Heather Gregg-Earl- J/70 sailor and owner of MUSE (Nantucket, MA)- Nantucket Race Week inspires perspective on the global picture for some sailors.  This annual summer event is a nine-day experience that brings the entire Nantucket community together in a fun-filled week of regattas, awards ceremonies, and parties. Over the course of the week, there are 15 race events that provide sport for everyone from young dinghy sailors and families in the household one design to grand prix racers at the very top of their profession.

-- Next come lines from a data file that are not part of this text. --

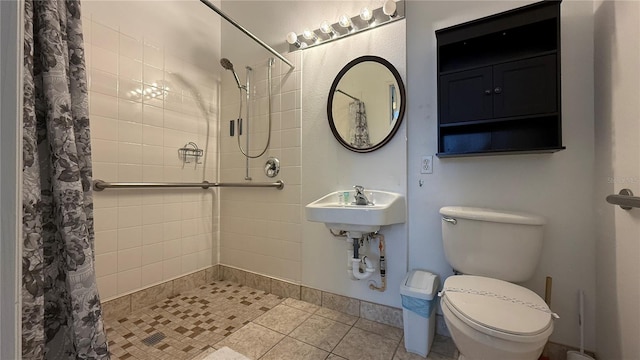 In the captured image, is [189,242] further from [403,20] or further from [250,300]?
[403,20]

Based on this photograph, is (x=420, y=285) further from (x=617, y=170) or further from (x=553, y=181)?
(x=617, y=170)

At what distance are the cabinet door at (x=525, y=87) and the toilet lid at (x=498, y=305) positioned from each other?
849mm

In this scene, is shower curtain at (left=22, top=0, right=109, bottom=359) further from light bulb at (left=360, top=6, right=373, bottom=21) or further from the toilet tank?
Result: the toilet tank

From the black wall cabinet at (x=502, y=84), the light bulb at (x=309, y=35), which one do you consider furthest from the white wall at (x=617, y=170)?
the light bulb at (x=309, y=35)

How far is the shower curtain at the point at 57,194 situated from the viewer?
0.69 meters

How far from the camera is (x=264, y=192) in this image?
2184mm

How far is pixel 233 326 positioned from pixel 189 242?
2.96 feet

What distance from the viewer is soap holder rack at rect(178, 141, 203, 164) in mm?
2150

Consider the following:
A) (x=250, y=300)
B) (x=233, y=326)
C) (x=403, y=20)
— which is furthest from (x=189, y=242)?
(x=403, y=20)

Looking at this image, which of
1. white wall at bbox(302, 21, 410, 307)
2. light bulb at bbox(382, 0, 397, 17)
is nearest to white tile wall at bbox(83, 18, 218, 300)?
white wall at bbox(302, 21, 410, 307)

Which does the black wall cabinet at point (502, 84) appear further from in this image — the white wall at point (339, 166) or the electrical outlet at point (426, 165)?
the white wall at point (339, 166)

Skipper Heather Gregg-Earl won the IOD Celebrity Invitational Regatta, with Robbie Doyle as her celebrity tactician, raced in IOD International One Design class boats. Her victory also earned Nantucket Race Week’s overall “Best Performance in a One-Design Class” presented by Stacee Mahoney, Regional Manager, Porsche Cars North America. Hearing of the award, Heather commented on the mission of Nantucket Community Sailing, which the Celebrity Invitational and other NRW activities help sustain:

“Bringing sailing into kids lives is such a wonderful and valuable initiative – and after having had a son experience the world through sailing this summer I wanted to share a quick story.

My 11 year old son had the opportunity to go to the Opti Europeans in Ireland and also to spend 10 days in Israel beforehand training with the Israeli National Opti Team.

I flew the 4 US kids over to Tel Aviv, which was before the conflict erupted, but had to return while they stayed. They got out the day before the airport closed and had a wonderful time. My son came back to tell me the story of having sailed on the Sea of Galilee, then on the Med, his local host family, his time living on a kibbutz, the Hebrew words he learned, and then with great big eyes, he told me “mom, there is a place called Gaza!” (as if no one knew about it, very cute) and proceeded to tell me they had to go into a bunker at midnight when they stayed with their local family.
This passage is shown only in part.